Median of Two Sorted Arrays hard

Problem Statement

There are two sorted arrays nums1 and nums2 of size m and n respectively. Find the median of the two sorted arrays. The overall run time complexity should be O(log (m+n)).

Example 1

nums1 = [1, 3]
nums2 = [2]
The median is 2.0

Example 2

nums1 = [1, 2]
nums2 = [3, 4]
The median is (2 + 3)/2 = 2.5

Steps

The most efficient approach to solve this problem involves a binary search strategy. We can reduce the problem to finding the kth smallest element in the merged sorted array, where k = (m + n + 1) / 2 for the lower median and k = (m + n + 2) / 2 for the upper median. The median is the average of these two values if (m+n) is even.

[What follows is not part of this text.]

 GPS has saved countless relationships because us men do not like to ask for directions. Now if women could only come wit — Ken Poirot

Here's a breakdown of the binary search approach:

  1. Partitioning: We partition the shorter array (let's assume it's nums1) into two parts: nums1[0...i-1] and nums1[i...m-1]. The goal is to find the optimal i such that the kth smallest element is found efficiently.

  2. Binary Search: We perform a binary search on i (0 to m). For a given i, we can determine j such that the number of elements in nums1[0...i-1] and nums2[0...j-1] combined is equal to k-1. (This ensures we have k elements in total when we consider the next element)

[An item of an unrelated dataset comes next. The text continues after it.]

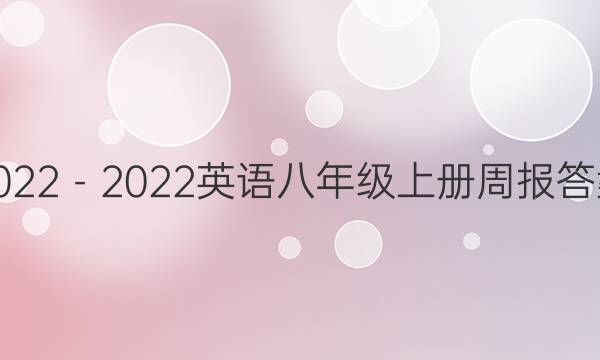 2022－2022英语八年级上册周报答案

  3. Condition Check: We compare nums1[i-1] and nums2[j-1] (if i or j is 0 we consider -infinity).

    • If nums1[i-1] <= nums2[j-1], then the kth smallest element must be in nums1[i...m-1] or nums2[0...j-1]. We adjust our search space accordingly.
    • If nums1[i-1] > nums2[j-1], then the kth smallest element must be in nums1[0...i-1] or nums2[j...n-1]. We adjust our search space accordingly.
  4. Termination: The binary search terminates when we find the correct i and j such that nums1[i-1] <= nums2[j] and nums2[j-1] <= nums1[i] (handling edge cases of i or j being 0). In this case, max(nums1[i-1], nums2[j-1]) will be the kth smallest element.

Explanation

The binary search approach cleverly avoids explicitly merging the two arrays. By focusing on finding the kth smallest element using partitioning, it achieves the desired logarithmic time complexity. The key is efficiently determining how to adjust the search space based on the comparison between elements from the partitions of nums1 and nums2.

Code

#include <iostream>
#include <vector>
#include <algorithm>

using namespace std;

double findMedianSortedArrays(vector<int>& nums1, vector<int>& nums2) {
    int m = nums1.size();
    int n = nums2.size();

    if (m > n) {
        swap(nums1, nums2);
        swap(m, n);
    }

    int k = (m + n + 1) / 2;
    int left = 0, right = m;

    while (left <= right) {
        int i = left + (right - left) / 2;
        int j = k - i;

        int nums1_left = (i == 0) ? INT_MIN : nums1[i - 1];
        int nums2_left = (j == 0) ? INT_MIN : nums2[j - 1];
        int nums1_right = (i == m) ? INT_MAX : nums1[i];
        int nums2_right = (j == n) ? INT_MAX : nums2[j];

        if (nums1_left <= nums2_right && nums2_left <= nums1_right) {
            if ((m + n) % 2 == 0) {
                return (double)(max(nums1_left, nums2_left) + min(nums1_right, nums2_right)) / 2;
            } else {
                return (double)max(nums1_left, nums2_left);
            }
        } else if (nums1_left > nums2_right) {
            right = i - 1;
        } else {
            left = i + 1;
        }
    }
    return 0; //Should never reach here.
}

int main() {
    vector<int> nums1 = {1, 3};
    vector<int> nums2 = {2};
    cout << findMedianSortedArrays(nums1, nums2) << endl; // Output: 2

    vector<int> nums3 = {1, 2};
    vector<int> nums4 = {3, 4};
    cout << findMedianSortedArrays(nums3, nums4) << endl; // Output: 2.5

    return 0;
}

Complexity

  • Time Complexity: O(log(min(m, n))), due to the binary search on the shorter array.
  • Space Complexity: O(1), as we are using only a constant amount of extra space.